* STUDY MATERIAL
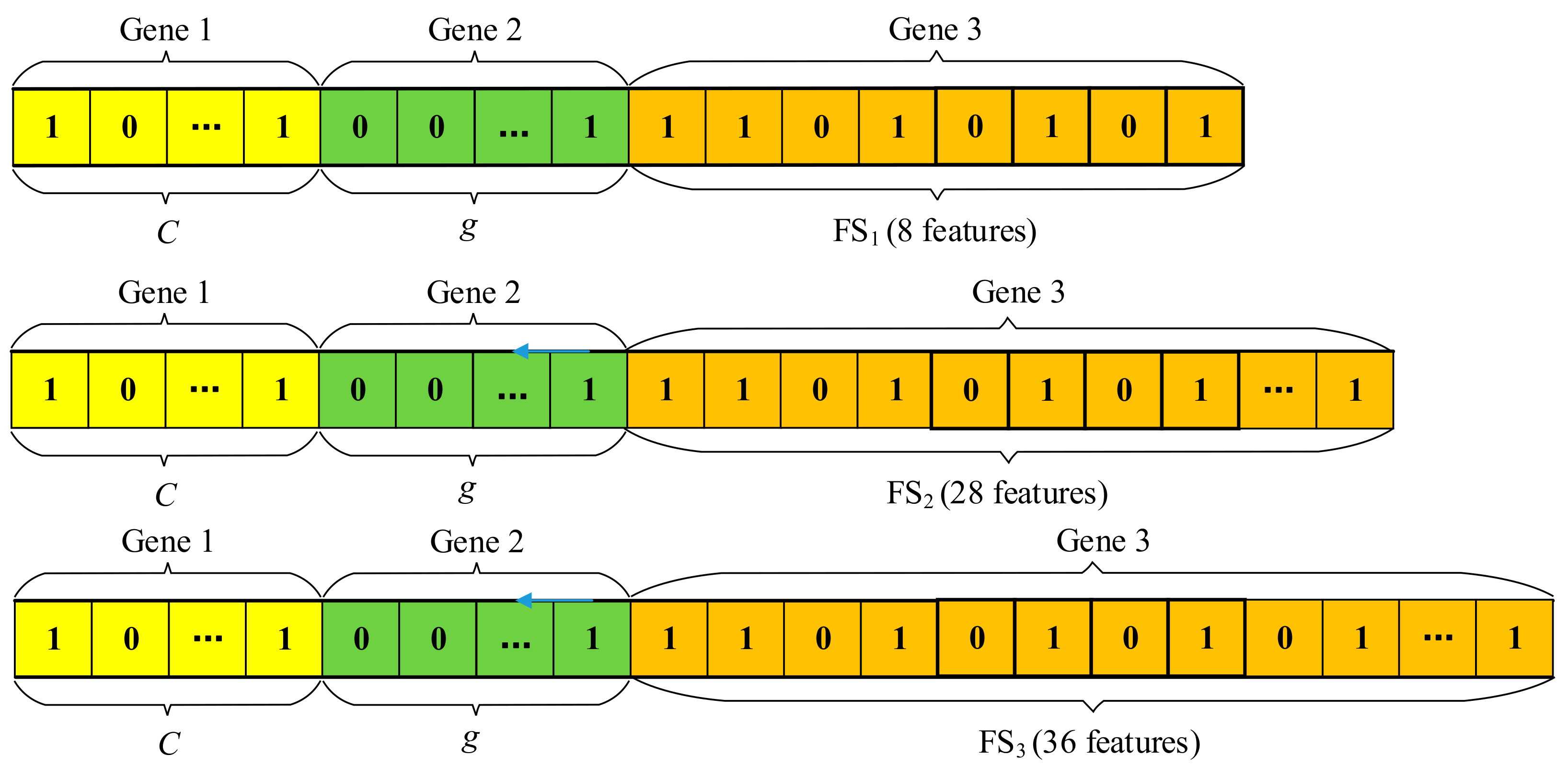 Energies 11 01922 g003 550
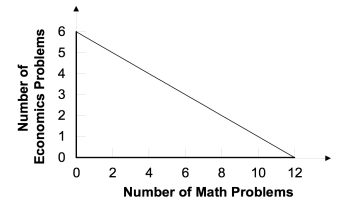 <strong>Refer to the graph below. Laura's production possibility curve for math and economics problems in one night is shown in the graph.Her opportunity cost of finishing six math problems instead of four math problems is:</strong> A)one economics problem. B)two economics problems. C)three economics problems. D)four economics problems.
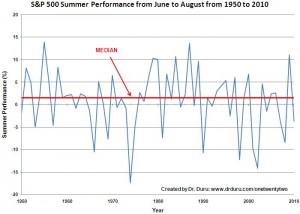 The pattern of summer performance has changed over the decades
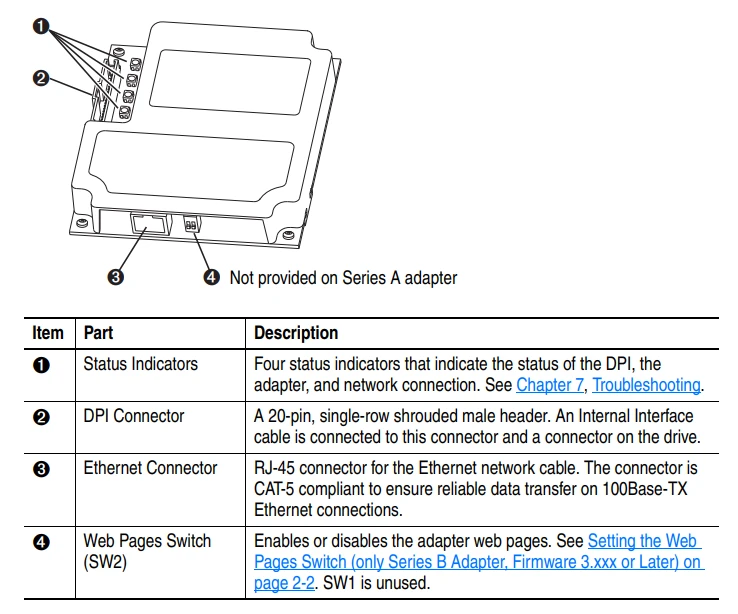 AB 20-COMM-E AB 20-COMM-E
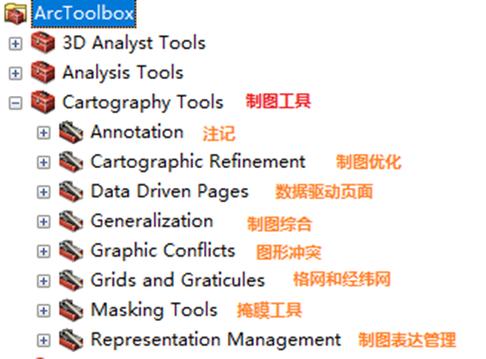 FossifyGallery图库工具v1
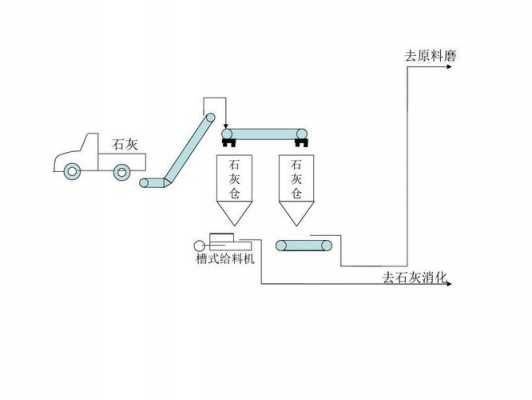 煅烧氧化铝（煅烧氧化铝粉生产工艺）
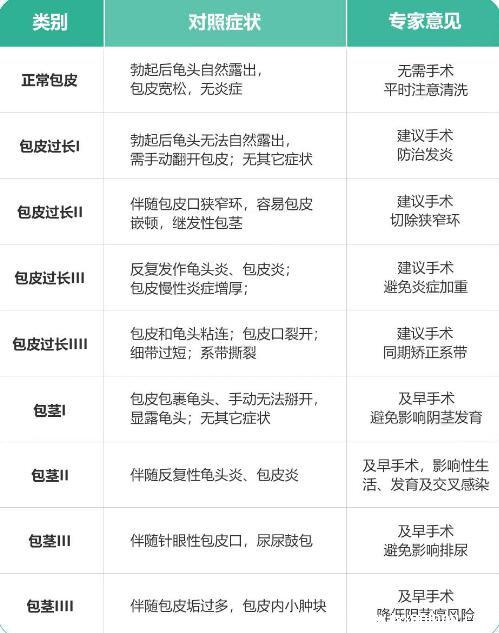 成年男子割包好處和壞處,8種情況必須割(附割包照片真實)-易網<a href=http://www.xllyou.com/ target=_blank class=infotextkey>健康養生</a>網 成年男子割包好處和壞處,8種情況必須割(附割包照片真實)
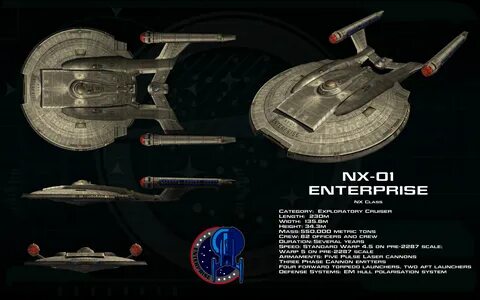 Enterprise unit 1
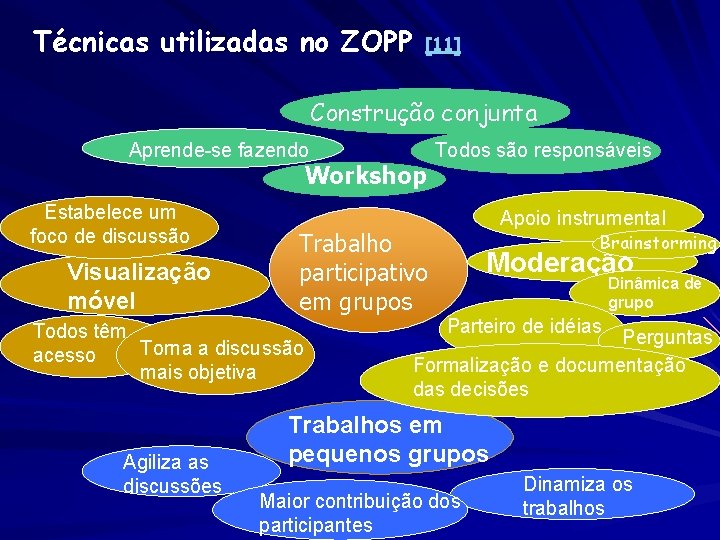 Técnicas utilizadas no ZOPP [11] Construção conjunta Aprende-se fazendo Workshop Estabelece um foco de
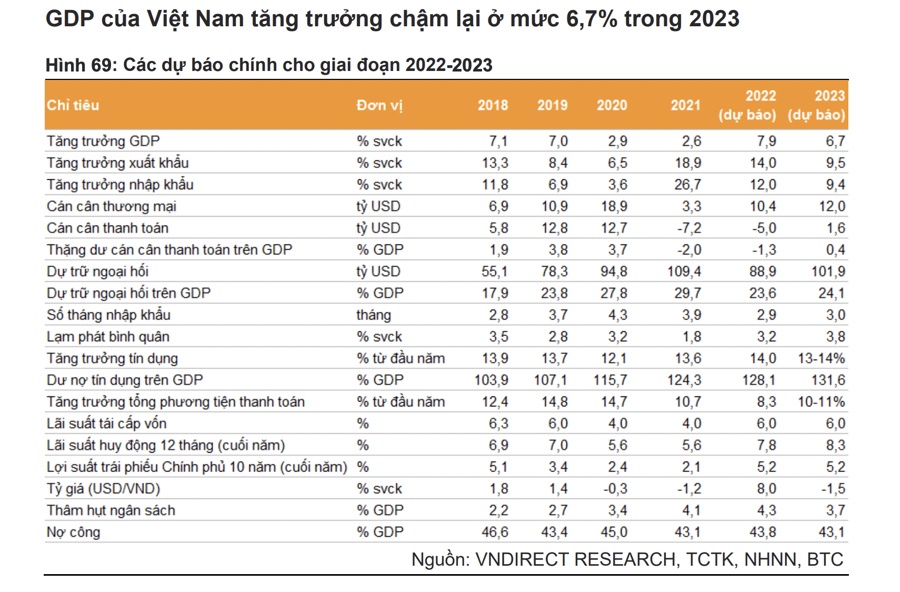 3 động lực chính cho tăng trưởng kinh tế Việt Nam đạt 6,7% vào năm tới?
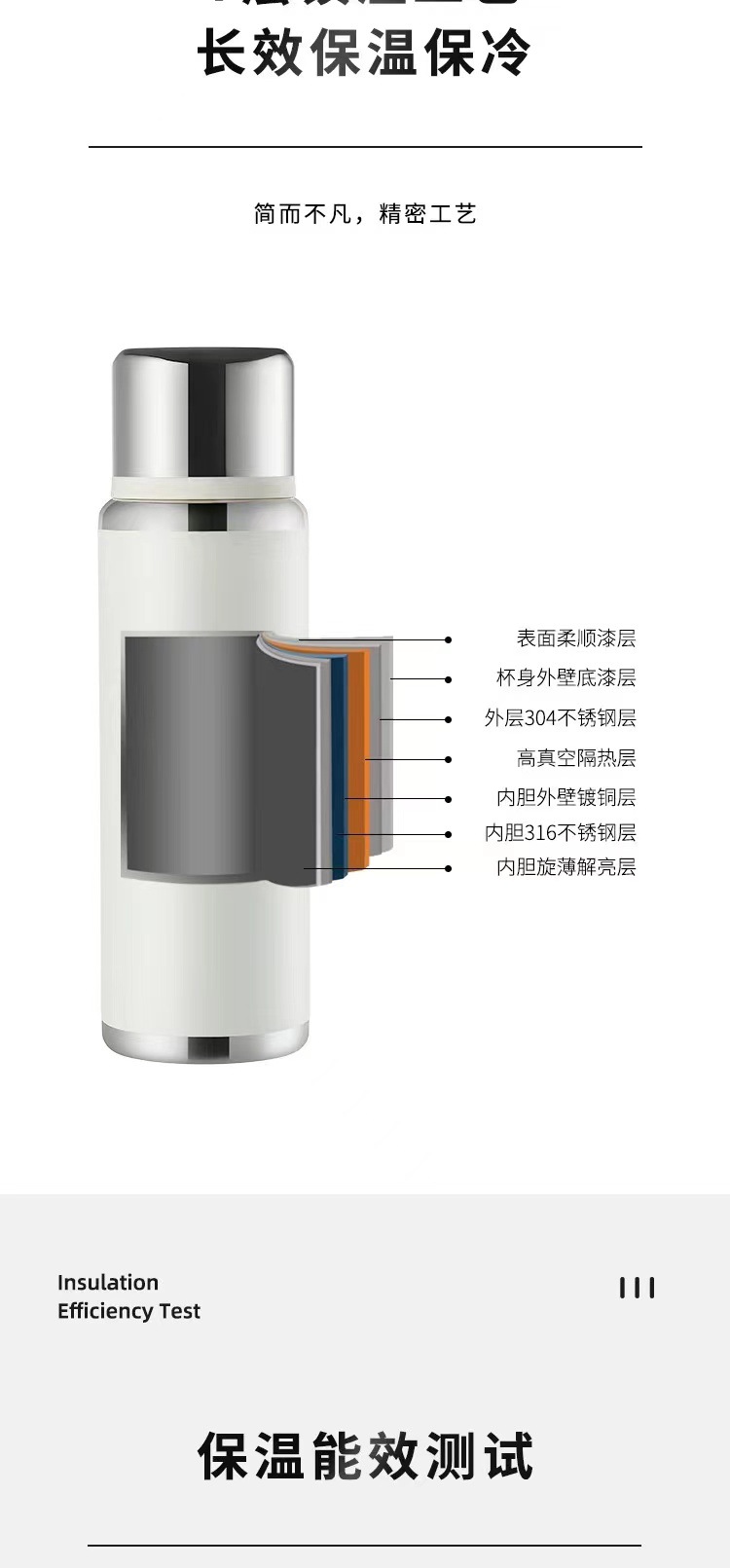 saylee小立316保温杯网红时尚斜挎水杯女士便携吸管杯高颜值ins杯详情14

* WHAT YOU WILL DO
Word for word, write out the lines from the top of the records above down to the line holding "3 động lực chính", inclusive, but not the pictures.

* WRITTEN RESPONSE
 Energies 11 01922 g003 550
 <strong>Refer to the graph below. Laura's production possibility curve for math and economics problems in one night is shown in the graph.Her opportunity cost of finishing six math problems instead of four math problems is:</strong> A)one economics problem. B)two economics problems. C)three economics problems. D)four economics problems.
 The pattern of summer performance has changed over the decades
 AB 20-COMM-E AB 20-COMM-E
 FossifyGallery图库工具v1
 煅烧氧化铝（煅烧氧化铝粉生产工艺）
 成年男子割包好處和壞處,8種情況必須割(附割包照片真實)-易網<a href=http://www.xllyou.com/ target=_blank class=infotextkey>健康養生</a>網 成年男子割包好處和壞處,8種情況必須割(附割包照片真實)
 Enterprise unit 1
 Técnicas utilizadas no ZOPP [11] Construção conjunta Aprende-se fazendo Workshop Estabelece um foco de
 3 động lực chính cho tăng trưởng kinh tế Việt Nam đạt 6,7% vào năm tới?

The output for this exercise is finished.